#### Supplied material

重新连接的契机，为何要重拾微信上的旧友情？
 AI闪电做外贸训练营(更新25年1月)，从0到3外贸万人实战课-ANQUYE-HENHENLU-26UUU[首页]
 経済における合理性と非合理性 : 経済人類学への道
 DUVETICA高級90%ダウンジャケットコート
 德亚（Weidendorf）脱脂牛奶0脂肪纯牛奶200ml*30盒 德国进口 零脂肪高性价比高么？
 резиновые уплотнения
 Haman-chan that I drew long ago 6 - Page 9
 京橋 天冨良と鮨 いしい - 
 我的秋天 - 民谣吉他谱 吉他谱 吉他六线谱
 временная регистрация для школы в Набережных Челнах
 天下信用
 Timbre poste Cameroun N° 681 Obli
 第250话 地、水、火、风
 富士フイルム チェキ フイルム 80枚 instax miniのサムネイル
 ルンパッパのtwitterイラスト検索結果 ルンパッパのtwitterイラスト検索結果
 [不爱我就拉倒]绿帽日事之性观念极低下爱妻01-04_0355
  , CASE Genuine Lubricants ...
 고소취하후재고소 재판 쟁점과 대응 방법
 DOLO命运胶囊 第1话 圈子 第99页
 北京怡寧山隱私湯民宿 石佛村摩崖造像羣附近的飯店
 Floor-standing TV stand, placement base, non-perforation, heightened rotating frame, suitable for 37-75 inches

########

Exercise prompt:
Please output the full listing, keeping every character the same.

Worked solution:
重新连接的契机，为何要重拾微信上的旧友情？
 AI闪电做外贸训练营(更新25年1月)，从0到3外贸万人实战课-ANQUYE-HENHENLU-26UUU[首页]
 経済における合理性と非合理性 : 経済人類学への道
 DUVETICA高級90%ダウンジャケットコート
 德亚（Weidendorf）脱脂牛奶0脂肪纯牛奶200ml*30盒 德国进口 零脂肪高性价比高么？
 резиновые уплотнения
 Haman-chan that I drew long ago 6 - Page 9
 京橋 天冨良と鮨 いしい - 
 我的秋天 - 民谣吉他谱 吉他谱 吉他六线谱
 временная регистрация для школы в Набережных Челнах
 天下信用
 Timbre poste Cameroun N° 681 Obli
 第250话 地、水、火、风
 富士フイルム チェキ フイルム 80枚 instax miniのサムネイル
 ルンパッパのtwitterイラスト検索結果 ルンパッパのtwitterイラスト検索結果
 [不爱我就拉倒]绿帽日事之性观念极低下爱妻01-04_0355
  , CASE Genuine Lubricants ...
 고소취하후재고소 재판 쟁점과 대응 방법
 DOLO命运胶囊 第1话 圈子 第99页
 北京怡寧山隱私湯民宿 石佛村摩崖造像羣附近的飯店
 Floor-standing TV stand, placement base, non-perforation, heightened rotating frame, suitable for 37-75 inches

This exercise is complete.